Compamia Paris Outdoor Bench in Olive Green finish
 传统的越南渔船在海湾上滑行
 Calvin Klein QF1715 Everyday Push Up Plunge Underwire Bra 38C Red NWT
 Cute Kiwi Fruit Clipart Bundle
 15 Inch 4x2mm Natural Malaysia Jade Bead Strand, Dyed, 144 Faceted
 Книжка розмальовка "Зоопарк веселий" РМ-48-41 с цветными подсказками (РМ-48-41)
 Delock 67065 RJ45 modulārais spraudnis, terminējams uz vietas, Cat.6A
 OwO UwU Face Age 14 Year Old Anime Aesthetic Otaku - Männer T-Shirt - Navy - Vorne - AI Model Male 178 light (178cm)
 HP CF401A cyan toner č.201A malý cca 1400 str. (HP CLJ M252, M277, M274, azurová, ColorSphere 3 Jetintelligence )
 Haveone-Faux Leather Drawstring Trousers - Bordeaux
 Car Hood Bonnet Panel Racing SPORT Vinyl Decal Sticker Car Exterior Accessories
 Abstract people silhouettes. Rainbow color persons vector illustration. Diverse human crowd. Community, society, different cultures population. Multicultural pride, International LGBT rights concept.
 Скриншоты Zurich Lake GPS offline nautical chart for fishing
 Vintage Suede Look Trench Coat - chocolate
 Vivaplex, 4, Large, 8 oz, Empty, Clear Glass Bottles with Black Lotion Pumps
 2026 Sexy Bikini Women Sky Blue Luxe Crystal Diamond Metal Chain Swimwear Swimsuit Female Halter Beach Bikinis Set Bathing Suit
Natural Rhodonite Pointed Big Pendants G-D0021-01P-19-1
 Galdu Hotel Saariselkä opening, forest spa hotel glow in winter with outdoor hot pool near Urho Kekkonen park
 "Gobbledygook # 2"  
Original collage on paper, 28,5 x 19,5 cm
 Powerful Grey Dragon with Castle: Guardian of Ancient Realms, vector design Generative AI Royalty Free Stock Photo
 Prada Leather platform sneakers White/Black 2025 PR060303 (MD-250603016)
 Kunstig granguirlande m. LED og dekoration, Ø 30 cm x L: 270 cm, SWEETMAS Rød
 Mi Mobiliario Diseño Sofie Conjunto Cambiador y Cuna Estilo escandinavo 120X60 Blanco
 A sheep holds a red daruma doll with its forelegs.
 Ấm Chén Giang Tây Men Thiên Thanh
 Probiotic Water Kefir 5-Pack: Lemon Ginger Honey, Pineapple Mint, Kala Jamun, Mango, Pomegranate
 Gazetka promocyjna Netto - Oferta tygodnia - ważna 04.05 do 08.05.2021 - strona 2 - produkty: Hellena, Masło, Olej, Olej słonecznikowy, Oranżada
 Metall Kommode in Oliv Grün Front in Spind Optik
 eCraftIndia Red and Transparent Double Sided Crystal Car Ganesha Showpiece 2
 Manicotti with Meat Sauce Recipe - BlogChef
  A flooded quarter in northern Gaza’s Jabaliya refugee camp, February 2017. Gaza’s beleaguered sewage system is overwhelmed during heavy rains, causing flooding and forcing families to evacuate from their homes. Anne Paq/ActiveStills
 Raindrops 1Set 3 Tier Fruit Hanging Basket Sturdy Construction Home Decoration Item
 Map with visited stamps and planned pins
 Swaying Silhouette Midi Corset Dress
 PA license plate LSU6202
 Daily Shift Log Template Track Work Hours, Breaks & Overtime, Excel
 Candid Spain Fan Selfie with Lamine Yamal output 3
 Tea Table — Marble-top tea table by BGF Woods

——————————

How many of the lines in the records include the word "Crystal"? Only the number should be given.

2